Most charitably, it must be considered that the vast majority of junior clubs are dealing with huge numbers of players against limited coaching resources, and coaches who haven’t kept wicket themselves then lack the confidence, or the time, to devote to glovework. So what is the way forward? Well, as far as I’m concerned, everybody should have a chance to cover the basic skills of keeping wicket – developing both an understanding of the task and key transferable skills that will only help fielding, and go a very long way towards tackling the “ball shyness” that is often a direct result of poor posture and poor balance.

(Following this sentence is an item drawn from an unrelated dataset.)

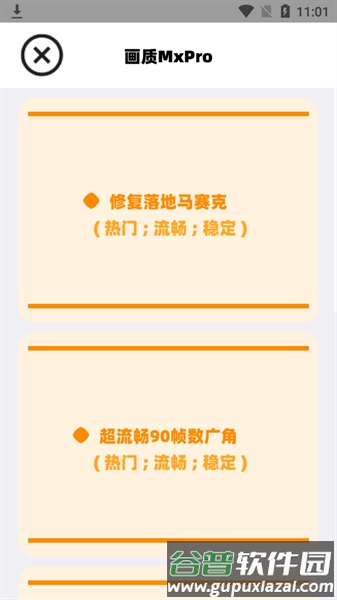 画质mxpro定制版截图2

The role of the helmet (or facemask – it’s not worth differentiating between them) in the wicketkeeper’s kitbag is another interesting point of discussion. I cannot understand, whether against spin or pace, why anyone would stand up to the wicket without protection. Yes, you don’t need your grille for the routine takes outside off: but it’s not the routine take that causes the problems. It’s the freak deflection, the top edge, the gloved pull down the legside, or the flying bail. Yet, standing back, it sometimes seems as if wearing a helmet is a substitute for proper preparation. Why wear a helmet there, and not at slip? Why not ask a bowler to wear one – certainly, some of the worst injuries I’ve heard discussed at junior level have come when the ball has been hit – hard – straight back at the bowler. To me, wearing a helmet standing back immediately betrays a lack of confidence and self-belief.
The idea of “compulsory” wicketkeeping training will also work to raise the profile of the wicketkeeper as a specialist, and the appreciation when the difficult is made to look routine. Call me biased, but it feels like the attention of the wider world falls only on the gloveman when he makes a mistake. Like a football referee, he is treated as a man best out of the limelight – yet no other position on the field of play is so critical to a fielding effort: when has a great team carried a poor wicketkeeper? Why does a fielder get rousing applause for a slide on the boundary and a throw into the keeper’s ankles, only for the crowd to ignore the stumper’s efforts to collect the ball in the dirt?
Perhaps I’ll return to this theme in another seven years, in a T20-driven world where the impact of a moment’s brilliance behind the stumps counts for nought against the arc of a DLF Maximum – or perhaps the ability of the true keeper to swing the balance, and break a partnership, in an increasingly batsman-dominated game might be fully valued.
I know which future I’d rather live in.